Clark’s blowing has a buttery tone reminiscent of Rollins’s. At least, that was what struck me when I sat down to listen to him play, closed my eyes in the sun like I had in Ozzie’s. Jazz sounds almost preternaturally good after a hangover. You surrender yourself to the music, you let it wash over you. And then all the pores in your body open, and the music saturates you. Of course, there’s a time and a place for intellect and processing, for standing back and comparing musical phrases, for thinking the music even as you listen. But this was not such a time or place. Not in Washington Square, at the beginning of the spring, after drinking too much. These are moments for surrender.

It was a trio, sax and bass and drums. The bass player had thick dirty fingers—Brahms had fingers like that—and a red star on his baseball cap. There was a plastic wheelbarrow set in front of them, for donations. A wheelbarrow. It seemed a bit ambitious.

Look at them: they have no right to play music like this, this well. They might have wandered here off the street. They might have just met. History has not anointed them geniuses. They have no right to play music like this, this well. Which, I guess, is one reason they do.

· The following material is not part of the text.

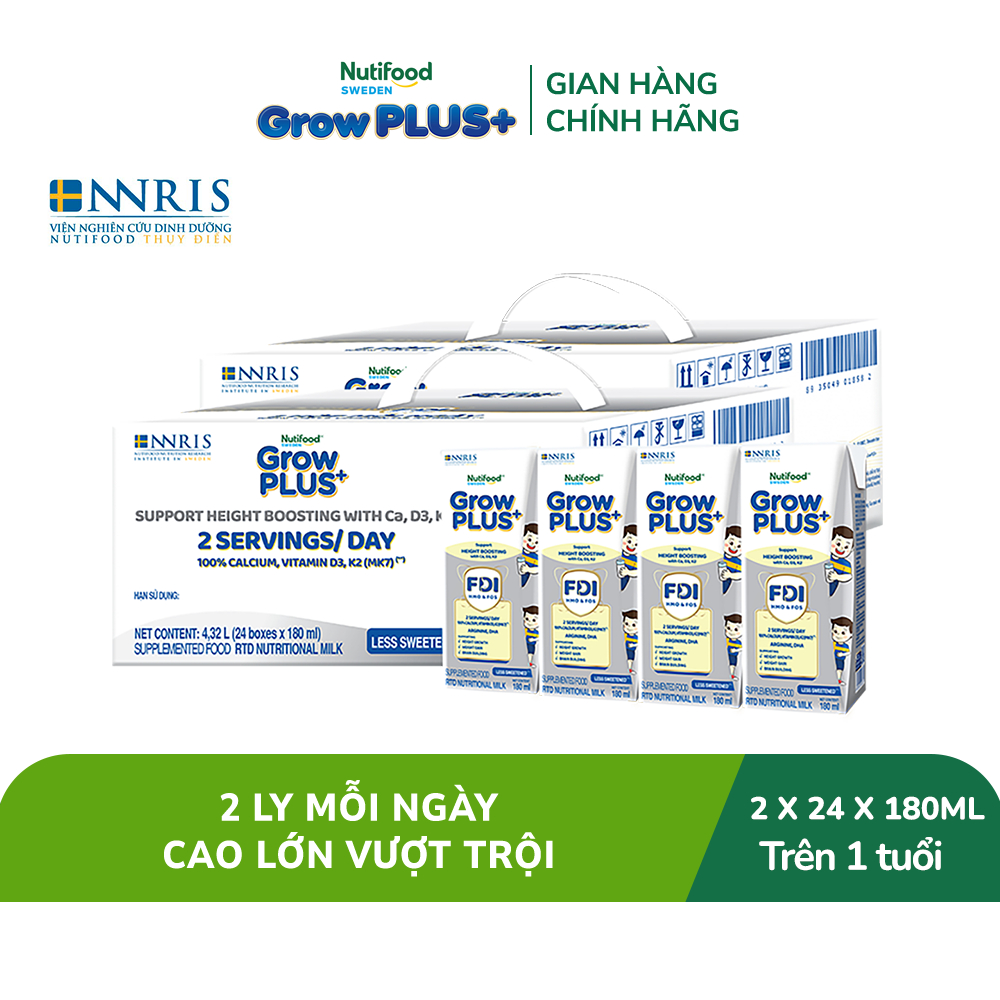 Combo 2 Thùng 24 Hộp Sữa Bột Pha Sẵn Nutifood Sweden GrowPLUS+ Cao lớn vượt trội hộp 180 ml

It was like running into an old friend—even though these musicians wouldn’t know me from Adam—because the sound, the sound was back, very much the sound of the Square. (And this remains true, mind you, even as much of the old vibe seems to have migrated north, to Union Square.) I’ve always loved this quote from Eric Dolphy: “Once the music’s over, it’s gone, in the air, you can’t get it back.” But in the Square you can get it back; the circle is inscribed in the square, the music is as cyclical as the seasons, and as transient as the passers-by. That’s the beauty of it: you leave one day in the middle of a song, which fades slowly out of hearing as you walk away; but you’ll pick it up again the next day, or the next week, or the following year. Each band may be staked in a different corner of the park, but the listener lives on the frontiers, the melodies mesh one with another. And in the meantime the other business of the Square goes on around, a Whitmanesque time immemorial of walking-meeting-parting-listening-playing. And so you’re never sad to just be passing through, because you’re never just passing through, because you know you’ll return to this very spot, and the sound will be here, an old friend, waiting, in that one long jam without beginning or end.